2.6 Maintenance of Collateral. Debtor has maintained and will maintain the
Collateral and all of its assets in good working condition, at Debtor's expense.
Debtor will not use the Collateral or any of its other properties for any
unlawful purpose and will not secrete or abandon the Collateral. Debtor will
immediately advise Coast in writing of any material loss or depreciation of the
Collateral.
2.7 Books and Records. Debtor has maintained and will maintain at Debtor's
Address complete and accurate books and records comprising an accounting system
in accordance with generally accepted accounting principles.
2.8 Financial Condition and Statements. All financial statements now or
hereafter delivered to Coast have been, and will be, prepared in conformity with
generally accepted accounting principles and now and hereafter will completely
and accurately reflect the financial condition of
2
Coast Business Credit Security Agreement Security Agreement
--------------------------------------------------------------------------------
Debtor, at the times and for the periods therein stated. Since the last date
covered by any such statement, there has been no material adverse change in the
financial condition, operations or any other status of the Debtor. Debtor is now
and will continue to be solvent in both the "equity" and "bankruptcy" sense.
Debtor will deliver to Coast a copy of all financial statements prepared with
respect to Debtor no later than five (5) days after the preparation or receipt
thereof by Debtor. Debtor will cause to be prepared, and will provide Coast (i)
within forty-five (45) days following the end of each fiscal quarter, complete
quarterly financial statements, and (ii) within ninety (90) days following the
end of Debtor's fiscal year, complete annual financial statements, certified by
independent certified public accountants acceptable to Coast.

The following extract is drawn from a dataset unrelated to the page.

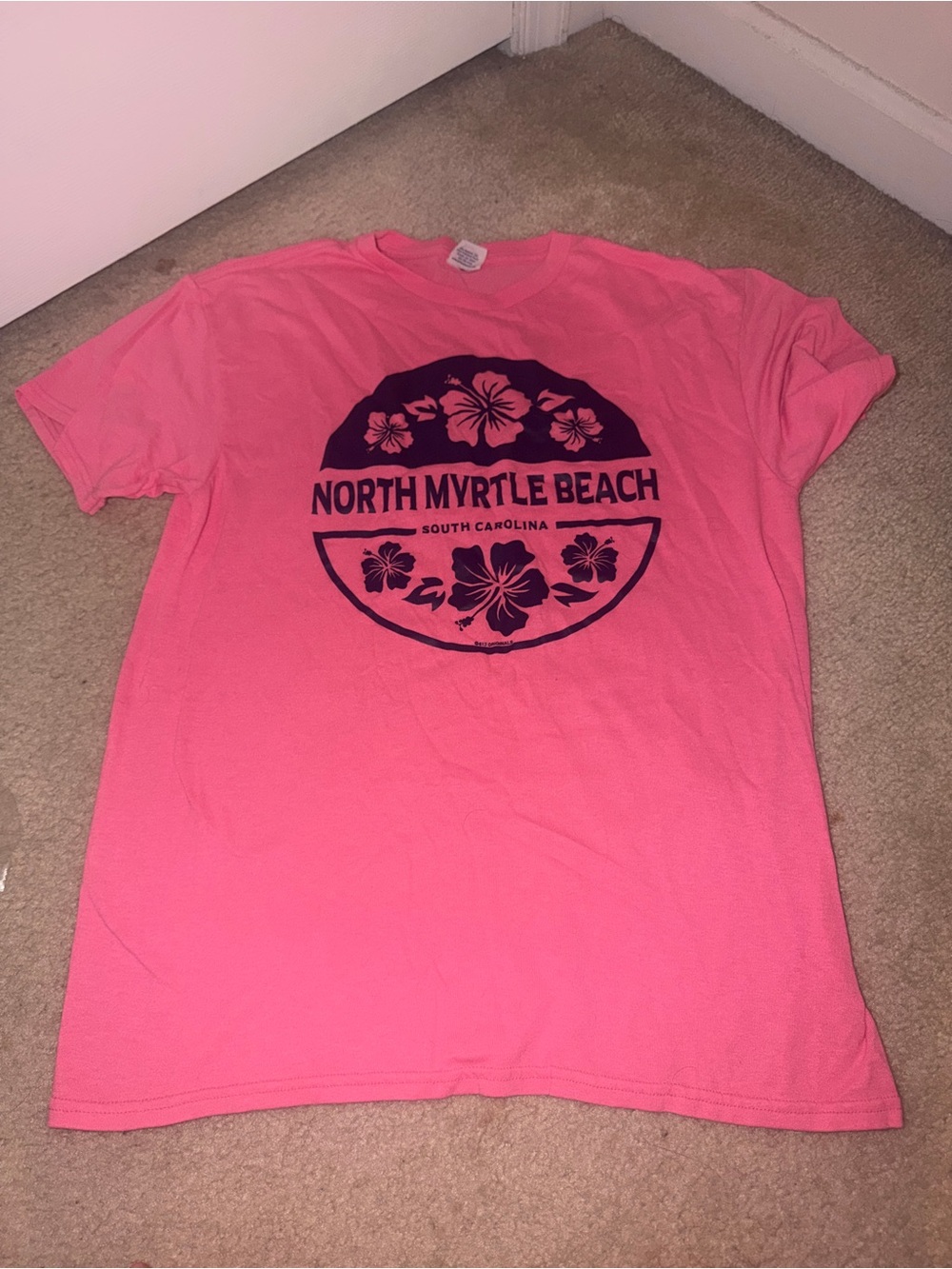 North Myrtle Beach Pink Graphic Tee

2.9 Tax Returns and Payments; Pension Contributions. Debtor has timely
filed, and will timely file, all tax returns and reports required by foreign,
federal, state or local law. Debtor has timely paid, and will timely pay, all
foreign, federal, state and local taxes, assessments, deposits and contributions
now or hereafter owed by Debtor. Debtor may defer payment of any contested taxes
provided that Debtor (i) in good faith contests Debtor's obligation to pay such
taxes by appropriate proceedings promptly and diligently instituted and
conducted, (ii) notifies Coast in writing of the commencement of and any
material development in such proceedings, and (iii) posts bonds or takes any
other steps required to keep such contested taxes from becoming a lien against
or charge upon any of the Collateral or other properties of Debtor. Debtor
shall, at all times, utilize the services of an outside payroll service
providing for the automatic deposit of all payroll taxes payable by Debtor.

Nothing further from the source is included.